Walking For a Cure

Cara Petitti

Thousands arrived at Lighthouse Point Park in New Haven last Sunday, Sept. 30, to participate in the Walk to End Alzheimer’s Disease. The New Haven walk, along with numerous other walks throughout Connecticut, marked the close of Alzheimer’s disease Awareness month.

Walkers were encouraged to plant artificial flowers in the sand, with the color of each flower corresponding to the walker’s relationship to Alzheimer’s disease.

The mission of the Alzheimer’s Association is to “eliminate Alzheimer’s disease through the advancement of research; to provide and enhance care and support for all affected; and to reduce the risk of dementia through the promotion of brain health.”

The Alzheimer’s walks began in 1989 when nine chapters around the United States raised $149,000 for the cause. Last year, 650 walks took place, raising over $4.5 million dollars. Numbers were expected to improve for the 2012 walk season.

The New Haven event opened at 9 a.m. for team and participant registration. Starbucks, in addition to other local organizations, donated refreshments. Raffle tickets were also sold for a variety of themed prize baskets. However, despite the excitement seen in the faces of walker’s and Alzheimer’s Association volunteers alike, no one could forget why they were all there: to find a cure for Alzheimer’s Disease.

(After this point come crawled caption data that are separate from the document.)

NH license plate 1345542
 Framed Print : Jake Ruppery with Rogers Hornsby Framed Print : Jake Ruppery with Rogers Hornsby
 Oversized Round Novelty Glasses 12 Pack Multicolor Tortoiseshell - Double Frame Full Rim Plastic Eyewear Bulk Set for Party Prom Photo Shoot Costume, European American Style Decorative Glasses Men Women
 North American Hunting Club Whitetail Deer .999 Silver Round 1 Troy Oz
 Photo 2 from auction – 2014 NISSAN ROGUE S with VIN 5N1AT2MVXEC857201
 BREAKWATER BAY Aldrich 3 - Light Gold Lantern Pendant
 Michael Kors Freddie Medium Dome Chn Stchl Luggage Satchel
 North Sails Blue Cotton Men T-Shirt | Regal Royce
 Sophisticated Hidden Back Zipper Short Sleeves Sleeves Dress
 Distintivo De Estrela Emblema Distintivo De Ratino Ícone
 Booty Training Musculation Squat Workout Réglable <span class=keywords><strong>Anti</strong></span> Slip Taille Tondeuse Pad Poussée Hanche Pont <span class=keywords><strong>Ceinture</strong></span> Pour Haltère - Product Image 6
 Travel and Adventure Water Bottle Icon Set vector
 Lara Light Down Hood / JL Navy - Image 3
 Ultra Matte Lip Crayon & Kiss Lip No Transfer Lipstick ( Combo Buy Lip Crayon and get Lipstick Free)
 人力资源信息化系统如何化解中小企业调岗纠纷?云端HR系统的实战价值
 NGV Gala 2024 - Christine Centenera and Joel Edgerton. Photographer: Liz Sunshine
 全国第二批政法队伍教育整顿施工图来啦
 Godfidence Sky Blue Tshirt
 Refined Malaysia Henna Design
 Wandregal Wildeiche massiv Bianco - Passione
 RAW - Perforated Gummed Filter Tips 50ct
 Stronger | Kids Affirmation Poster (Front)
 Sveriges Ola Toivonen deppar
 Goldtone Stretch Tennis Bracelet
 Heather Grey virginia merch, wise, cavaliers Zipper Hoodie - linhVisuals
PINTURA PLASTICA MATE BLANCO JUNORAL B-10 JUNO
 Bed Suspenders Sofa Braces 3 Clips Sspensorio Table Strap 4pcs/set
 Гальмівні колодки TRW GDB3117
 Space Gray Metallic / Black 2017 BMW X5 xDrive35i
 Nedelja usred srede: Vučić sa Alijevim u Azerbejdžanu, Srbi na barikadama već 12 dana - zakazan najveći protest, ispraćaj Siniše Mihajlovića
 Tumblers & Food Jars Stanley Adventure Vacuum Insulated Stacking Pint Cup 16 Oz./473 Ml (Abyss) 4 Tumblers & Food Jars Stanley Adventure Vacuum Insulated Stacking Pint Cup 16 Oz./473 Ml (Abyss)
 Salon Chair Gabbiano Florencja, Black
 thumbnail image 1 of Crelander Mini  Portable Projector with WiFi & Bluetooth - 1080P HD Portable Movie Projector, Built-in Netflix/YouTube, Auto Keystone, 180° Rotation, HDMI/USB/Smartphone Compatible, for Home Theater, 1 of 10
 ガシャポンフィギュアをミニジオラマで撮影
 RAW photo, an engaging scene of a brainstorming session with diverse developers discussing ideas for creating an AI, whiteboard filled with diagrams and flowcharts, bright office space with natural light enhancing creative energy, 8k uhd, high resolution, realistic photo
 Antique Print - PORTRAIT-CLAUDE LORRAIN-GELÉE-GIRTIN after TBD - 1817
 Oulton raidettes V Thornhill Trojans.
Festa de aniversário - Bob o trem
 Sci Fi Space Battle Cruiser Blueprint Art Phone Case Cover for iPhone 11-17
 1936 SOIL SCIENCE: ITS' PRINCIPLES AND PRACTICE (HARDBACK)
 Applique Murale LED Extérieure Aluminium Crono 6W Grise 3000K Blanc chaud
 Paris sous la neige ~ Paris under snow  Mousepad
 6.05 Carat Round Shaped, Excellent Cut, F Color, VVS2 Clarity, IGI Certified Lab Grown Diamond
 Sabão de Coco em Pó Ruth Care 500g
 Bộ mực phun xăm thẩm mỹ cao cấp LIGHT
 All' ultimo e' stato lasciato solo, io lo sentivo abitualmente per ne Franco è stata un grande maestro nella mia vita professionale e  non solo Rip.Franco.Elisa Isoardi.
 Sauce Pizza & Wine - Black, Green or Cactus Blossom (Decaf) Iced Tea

Through the building of the “Promise Garden,” a staple for the Alzheimer’s walk, it was clear that many participants had different reasons for being there. To build the “Promise Garden,” walkers were encouraged to plant artificial flowers in the sand, with the color of each flower corresponding to the walker’s relationship to Alzheimer’s disease. Blue flowers indicated that the walker was living with the disease. Orange flowers represented those who were caregivers to a person with Alzheimer’s. Purple stood for those who had lost someone to the illness, and yellow symbolized those there to give their support to the cause. Their promise? To find a cure.

Brittany Langer, a participant in New Haven’s Walk to End Alzheimer’s Disease, planted her purple flower in the sand near the waterfront. Langer, 21, is a native to the southern Connecticut area and an active volunteer with the Alzheimer’s Association. “Both of my grandmothers had it,” she explains, “and they both lost their battle.”

She explained the debilitating disease not only affects the people suffering with it, but their families as well. This experience drove her to get involved with the Connecticut chapter headquartered in Hartford.

As a volunteer, Langer gained valuable experience in planning and advertising the event. “People think that it magically all comes together, but in reality we have to make a lot of sponsorship phone calls. We have to recruit team members, and get people to register team captains and put out flyers.”

The New Haven Walk to End Alzheimer’s Disease raised nearly $185,000 dollars in donations, but the association expects that number to keep growing. “People can keep donating until November 30,” Langer stated. She hopes the next two months will bring the New Haven Walk over its goal of $202,000 dollars.

Although the New Haven event has passed, there are still opportunities for those interested to lend their support for the cause. The Southport Racquet Club will be hosting a 5k race on Nov. 3, with all of the proceeds going to the Alzheimer’s Association. More information can be obtained at www.southportracquetclub.com.

Nearly 5.4 million Americans are living with Alzheimer ’s disease. It is the “sixth-leading cause of death,” and cannot be “prevented, cured, or even slowed.” As seen in the “Promise Garden,” not all people affected by the disease suffer from it. Many have lost a family member, or currently care for those affected. The aim of The Walk to End Alzheimer’s is to end the suffering. The organization encourages people to get involved, as volunteers, like Langer, are the backbone of this effort.

“I wanted to be active in an organization that would be working to find a cure. That was the Alzheimer’s Association,” she said.